Por: Carlos Alberto Pérez Aguilar
Pasé mi infancia entre paletas y nieves. Tenía la vida que muchos niños deseaban. A la mano, casi como saliendo de las ubres de una vaca que dormía en un congelador, un helado sabor chocolate, paletas de fresa y la inigualable agua de horchata que mi madre me preparaba a mí pero que la vendía a los demás. La verdad esto nunca me pareció, ella me pedía que yo fuera compartido, pero, hasta la fecha, me queda claro que vender no es compartir.
Mi vida infantil la hice así, en un negocio, en un jardín, embarrándome la cara de helado de sabores y recorriendo los negocios de toda la cuadra en el centro de Manzanillo, donde el oficio lo era todo, donde el deber de cada uno de quienes conocí ha hecho que todos, los que aún viven, sigan ahí, en el mismo lugar, guardando la esencia del puerto y estando “por lo que se pueda ofrecer”.
Así era, totalmente libre y aprendí mucho. En la farmacia de Don Carlos le perdí el miedo a las inyecciones, tuve el gusto por los analgésicos y las ansias por el tabaco.
En la tienda de ropa, me quedó claro que sólo hay que comprar cuando se necesita… lo demás son deudas y banalidad.
En la estación “Radio Mundo”, en la segunda planta de la paletería, obtuve el gusto por los micrófonos y por la magia de los medios de comunicación. De niño juraba que para tocar una canción en la radio era necesario que toda la banda fuera a una cabina. Lo que nunca comprendí es cómo cabían ahí. También quise ser locutor, pero nunca me atreví pedirlo.
En la dulcería “La ola verde”, que sólo era una puerta, empecé a entender de economía. Estoy seguro que mientras el precio de los chicles se mantenga, es posible traer algo en la bolsa, o en la boca. Ahí empecé con mi devoción por el mazapán y me quedó claro que de ninguna manera puede valer lo mismo un chicle que un mazapán.
En “Foto Rabí”, un estudio fotográfico del abuelo de mi amigo Álvaro, vencí todos mis miedos al entrar, a escondidas, al cuarto oscuro. El abuelo y el papá de mi amigo nos hicieron creer que dentro había un “monstruo atado”, que tenía los ojos rojos y muy mal aliento, por ello el resplandor que se veía detrás de las cortinas y el olor que emanaba del “cuarto prohibido”.
Don Rabí nunca me enseñó a tomar fotos, ni revelarlas, pero lo que no saben es que cuando ellos salían a comer yo me metía al cuarto oscuro a saludar a ese monstruo de quien aprendí que de instantes son la vida, y que por ello es mejor sonreír.
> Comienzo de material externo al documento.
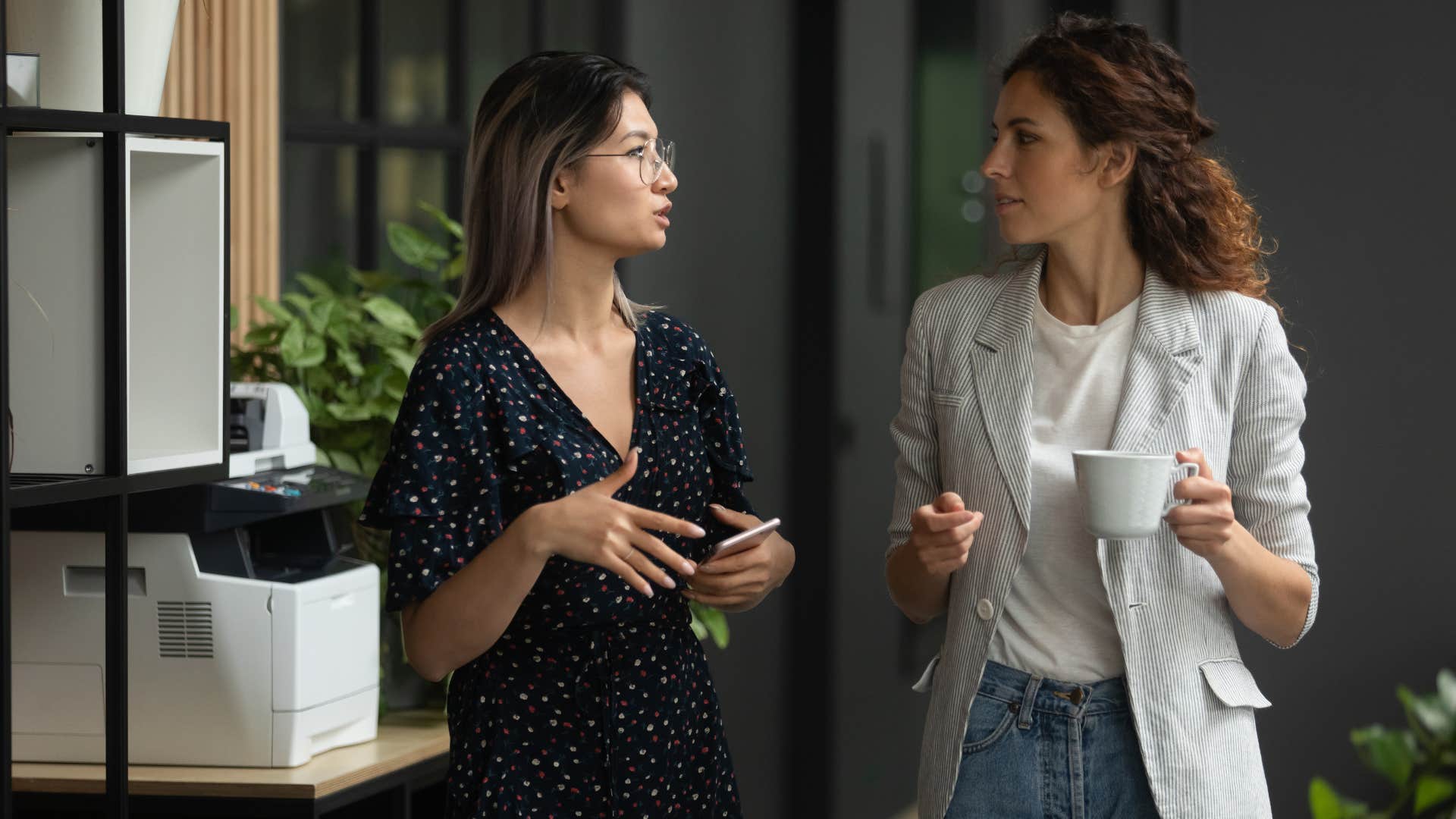 two women talking at work 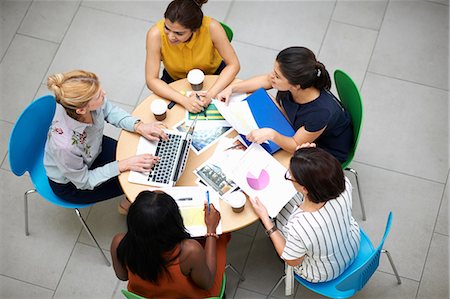 simsearch:673-06025373,k - High angle view of business women sitting at table in meeting Stock Photo - Premium Royalty-Free, Code: 649-08902027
En la cocina del Chantilly obtuve el gusto por los alimentos, particularmente por las tortas de “frijolitos” con lomo.
Y frente ahí, conocí a Don Jaime, vendedor de periódicos quien me daba trabajo; fue mi primer patrón y literalmente mi grande amigo. Me pagaba dos chicles y un mazapán las dos horas. Lo extraño, mucho. Nunca supe cuándo se fue.
El Cine Puerto
Qué suerte que no existieran las guarderías. Los sábados y domingo, eran siempre de cine; obviamente después de la doctrina, de la fuga a la casa de Luis Reza a jugar Nintendo y de otras tareas, que finalmente ignoraba. No lo entendía, pero ahora sí; la mejor manera de que mi madre podría descansar un poco de mí y de mi hermano Paquito, que ya había nacido, era enviándonos al cine, finalmente, por fortuna para ella, había matiné y permanencia voluntaria. Me enfadé de las palomitas de caramelo.
Los domingos, la función iniciaba con Marcelino Pan y Vino. Creo, sin temor a equivocarme, que la vi más de 30 veces pero extrañamente no recuerdo mucho de ella. Lo que sí recuerdo es la sala, como las de antes, gigantes, con butacas acolchonadas en la que uno se podía dormir, arropados por la oscuridad y el clima que sólo ahí podía encontrarse. Con la paz que el cine da, porque sólo ahí es posible desprenderse de una vida, ser observador y por momentos, sentía que me convertía en Dios, tratando de predecir el final de la historia.
Hoy, el cine ya no existe, muchos negocios han cerrado o cambiado. Todo así se ha esfumado, menos el recuerdo que guardo, las carreras de un lado a otro, la libertad de un niño que alguna vez existió.